Por supuesto, la escoba no barrió. Pues buena es ella. Aunque la Cotilla no se enteró porque permaneció encerrada unos cuantos días. Me acerqué varias veces a la puerta a poner la oreja y pude escuchar cuchicheos. Unas veces acelerados, otras rabiosos. También la escuché lloriquear... - ¿Cotilla está bien? - Nunca lo supe porque me daba la callada por respuesta.
Lo encontré de muy mala educación y así lo conté a los personajes de casa. Hubo división de opiniones sobre lo que yo debía hacer... o no, en éstos casos. Al final me decanté por el consejo de Pepe el jibarizado. La cabeza hueca fue la más razonable de todos.
- ¡OOOOOOOOOOOOOOOO! Pasa de ella (me dijo) OOOOOOOOO y aprovecha para darle un bisnieto a tu abuela o acabarás sin la Torre del Paseo Marítimo.
La costumbre de pegar la oreja a la puerta se extendió rápido entre los personajes.
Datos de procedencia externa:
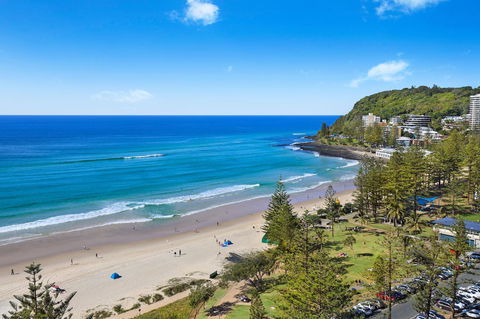 Pacific Regis Beachfront Holiday Apartments - Accommodation Asia 0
La más asídua fue Pascualita. Pronto entendimos lo que decían los murmullos: - ¿Dónde está?¿dónde está?¿dónde está?... ¡Ay, que me da algo, algo, algo. Me da algooo, tralará! ¡Mi cartilla.micartillamicartillamicartillaaaaaaaaa!...
El árbol de la calle se quejó amargamente. - ¡No escucho nadaaaa! Nena, dile a la Cotilla que hable más fuerte ¡Aaaayyyy, que desgraciadito soy y que poquito me quejoooooo!
Las peleas por los mejores sitios para poner la oreja eran constantes. Y fue el comensal de la Santa Cena, famoso por sus treinta monedas, quien puso paz y las triplicó poniendo entradas numeradas, a la venta. Hasta yo debo hacer cola y pagar... ¡en mi casa!